Skull and Bones is an undergraduate senior or secret society at Yale University, New Haven, Connecticut. It is the oldest senior class “landed society” at Yale.

The society’s alumni organization, which owns the society’s real property and oversees the organization, is the Russell Trust Association, named for William Huntington Russell,[1] who co-founded Skull and Bones with classmate Alphonso Taft. The Russell Trust was founded by Russell and Daniel Coit Gilman, member of Skull and Bones and later president of the University of California, first president of Johns Hopkins University, and the founding president of the Carnegie Institution.
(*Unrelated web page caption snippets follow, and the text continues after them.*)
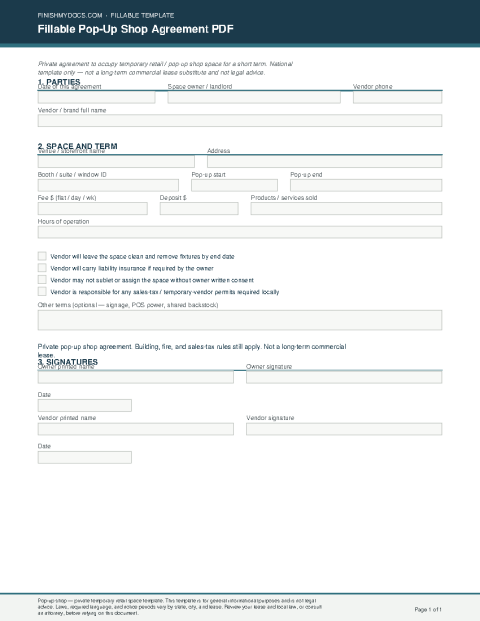 Fillable Pop-Up Shop Agreement PDF preview thumbnail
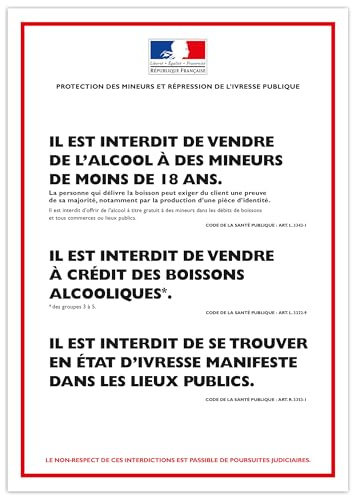 Autocollant vinyl - ALCOOL - PROTECTION DES MINEURS ET RÉPRESSION DE L'IVRESSE - Vente à emporter - L.148 x H.210 mm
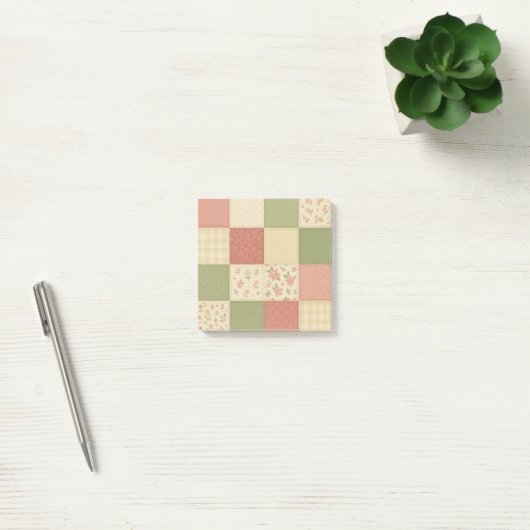 Roze Groene Patchwork Dekbed Landelijke Boerderij  Post-it® Notes (Kantoor)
The society is known informally as “Bones”, and members are known as “Bonesmen”.

Among prominent alumni are former President and Supreme Court Justice William Howard Taft (son of a founder of the society); former Presidents George H. W. Bush and his son, George W. Bush; Supreme Court Justice Potter Stewart; James Jesus Angleton, “mother of the Central Intelligence Agency”; Henry Stimson, U.S. Secretary of War (1940-1945); and United States Secretary of Defense, Robert A. Lovett, who directed the Korean War.
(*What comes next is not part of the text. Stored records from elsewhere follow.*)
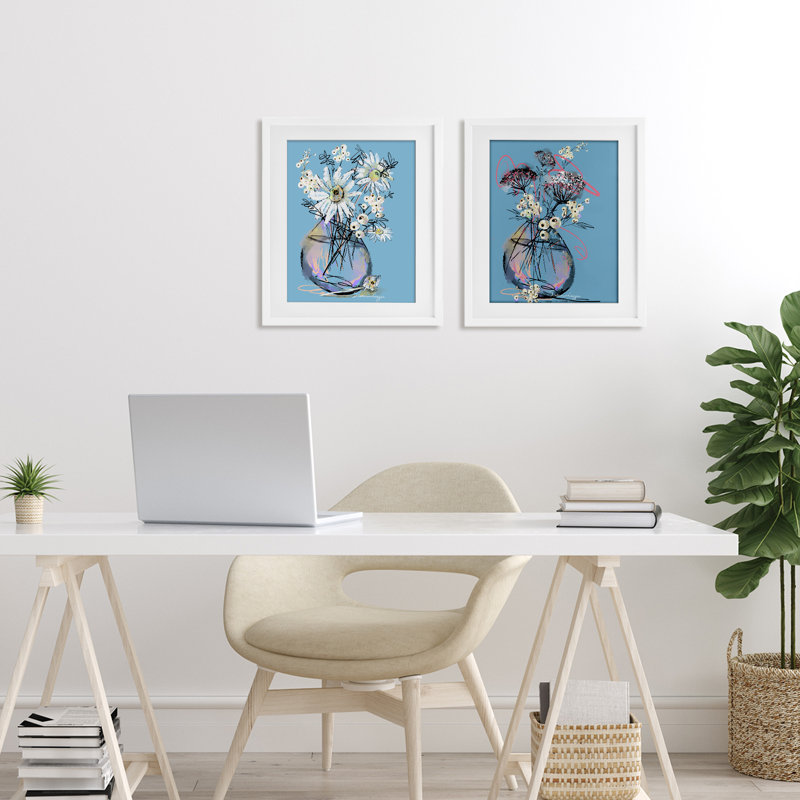 «Daisies & Snowberries Vase», ensemble de 2 impressions sous verre encadrées, design par Susan Lugar, H 16 po x l 13 po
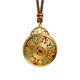 Canxian Ancient Golden Eight Treasures Compass Pendant Palace Enamel Filigree Hollow Clavicle Chain Braided Rope Long Sweater Chain Yellow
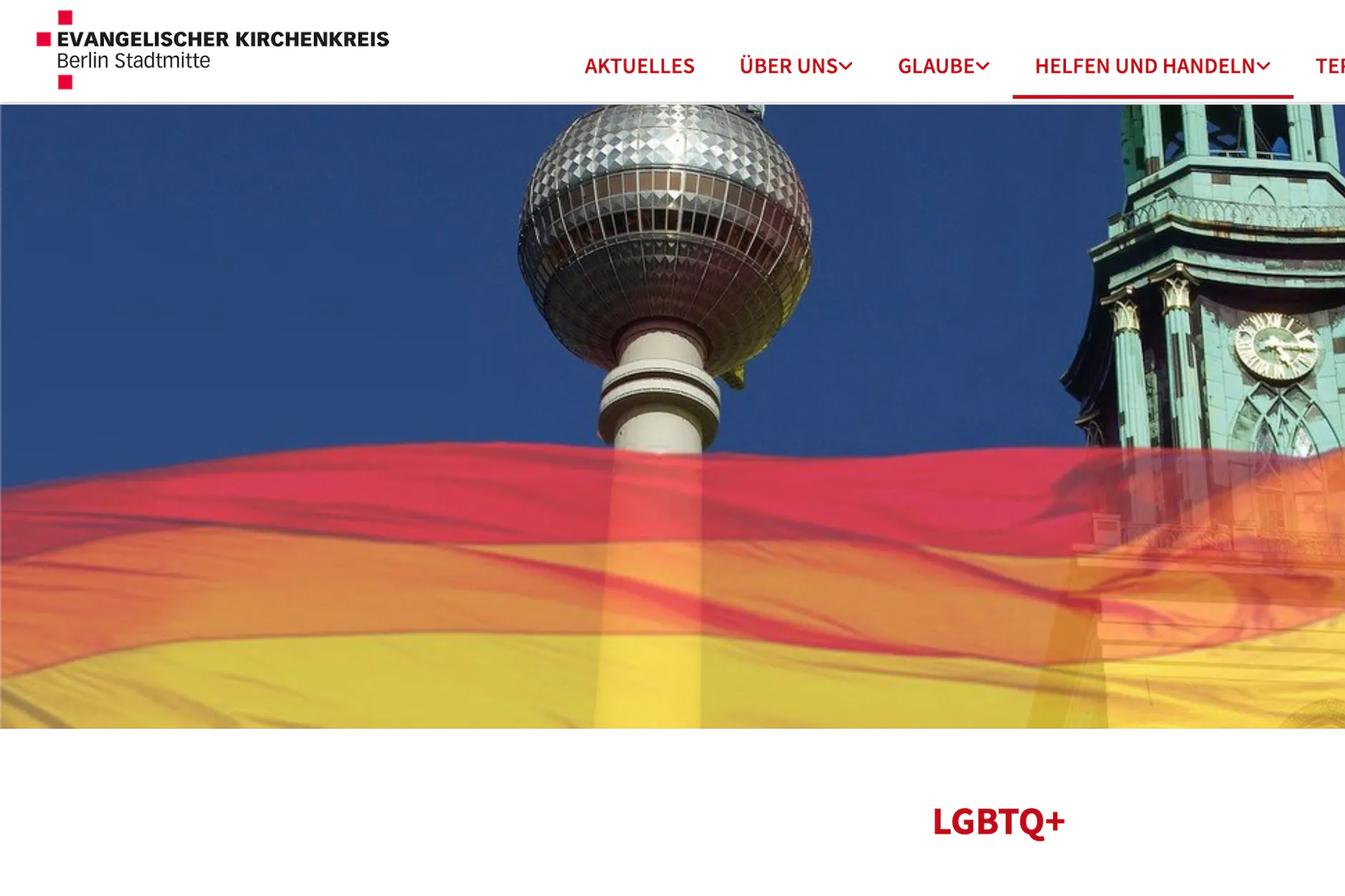 2026: Die Homepage des Evangelischen Kirchenkreises Berlin Mitte zeigt die Regenbogen-Flagge.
Senator John Kerry; Stephen A. Schwarzman, founder of Blackstone; Austan Goolsbee, Chairman of President Obama’s Council of Economic Advisers; Harold Stanley, co-founder of Morgan Stanley; and Frederick W. Smith, founder of Fedex, are all reported to be members.

Skull & Bones is a regular feature in many conspiracy theories, which claim that the society plays a role in a global conspiracy for world domination. It is true that some prominent families had one or more members as Bonesmen. The theorists such as Alexandra Robbins suggest that Skull & Bones is a branch of the Illuminati, or that Skull & Bones itself controls the Central Intelligence Agency. Others who have written about Skull & Bones were economist Antony C. Sutton, who wrote a book on the group titled America’s Secret Establishment: An Introduction to the Order of Skull & Bones. and Kris Millegan, who wrote a book on the society in 2003.

Skull and Bones has been satirized from time to time in the Doonesbury comic strips by Garry Trudeau, Yale graduate and member of Scroll and Key; especially in 1980 and December 1988, with reference to George H. W. Bush, and again at the time that the society went co-ed.

In The Simpsons, the character Montgomery Burns attended Yale and was a member of Skull and Bones.